In the Oaks-Wickman interview you had a lot of guidance to families, to parents.  It was basically, I think, what we had worked through with them maybe four or five years before, that had finally been stopped.  That was directed to families.  God Loveth His Children is more directed to the individual, saying to them, “This is what you can do if you choose to stay with the Church.  We acknowledge that these feelings may not go away.”  That was an important admission at that point, which came up both in the Oaks-Wickman interview and in God Loveth His Children, and then again with Holland’s article.  His article was more to introduce the whole church to God Loveth His Children, because it appeared in the Ensign.  So I see those three events as the final culmination of what we had something to do with in our meetings with Oaks and Holland in the decade before that.  Rich has told me the same thing.

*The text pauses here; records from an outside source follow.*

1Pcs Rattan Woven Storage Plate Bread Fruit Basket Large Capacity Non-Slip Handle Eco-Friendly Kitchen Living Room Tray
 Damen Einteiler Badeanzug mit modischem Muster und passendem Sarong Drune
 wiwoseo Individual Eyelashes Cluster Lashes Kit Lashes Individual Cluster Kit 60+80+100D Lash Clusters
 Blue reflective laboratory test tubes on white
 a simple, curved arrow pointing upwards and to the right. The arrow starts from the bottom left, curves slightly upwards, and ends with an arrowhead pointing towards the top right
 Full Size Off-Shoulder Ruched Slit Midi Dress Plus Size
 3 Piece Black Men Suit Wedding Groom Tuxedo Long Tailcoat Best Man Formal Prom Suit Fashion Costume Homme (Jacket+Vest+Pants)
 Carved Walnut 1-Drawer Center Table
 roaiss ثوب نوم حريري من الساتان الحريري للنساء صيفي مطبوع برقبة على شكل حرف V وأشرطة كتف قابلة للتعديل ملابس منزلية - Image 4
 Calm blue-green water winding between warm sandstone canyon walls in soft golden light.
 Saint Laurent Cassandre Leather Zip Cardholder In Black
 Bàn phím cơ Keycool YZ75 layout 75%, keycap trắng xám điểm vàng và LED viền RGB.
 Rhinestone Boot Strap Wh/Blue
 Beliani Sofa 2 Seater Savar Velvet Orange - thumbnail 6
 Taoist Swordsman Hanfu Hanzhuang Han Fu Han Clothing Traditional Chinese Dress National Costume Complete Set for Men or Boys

(Ron Schow, March 23, 2013)

Schow: The last time I talked to Rich Ferré, he was feeling like he didn’t have quite the access to the Twelve that he did five years ago.  At the time they made this major statement, “God Loveth His Children,” they made a major decision right around 2006 and 2007.  At that point, Rich told me that Dallin Oaks and Jeff Holland said to him, “We are going to go within the Quorum now and have some really serious discussions about this, and we don’t want any outside influence during this period.”  So they wouldn’t let him talk to them for about a year.  The principal people in that were Quentin Cook, Cecil Samuelson, Oaks and Holland.  Those were the people who led that charge against, I think, Boyd Packer.  They all were working together.  I don’t think that Christofferson was very involved at that point.…

The other thing that happened that is part of that 2006-7 era is that “God Loveth His Children” came out in July, and then a couple of months later, I think in October, Jeffrey Holland’s Ensign article appeared.  Those three things were bam-bam-bam.  They were part of a major change that occurred in 2006-7.  We knew that was coming because Rich Ferry had been told by his apostle contacts that they were in the process of doing something and they were not going to talk to him for a while because they wanted God to tell them what to do.

But I think they had decided to go up against Packer at that point, and I don’t know the inside story there.  My hunch is that he fought back and had to give in.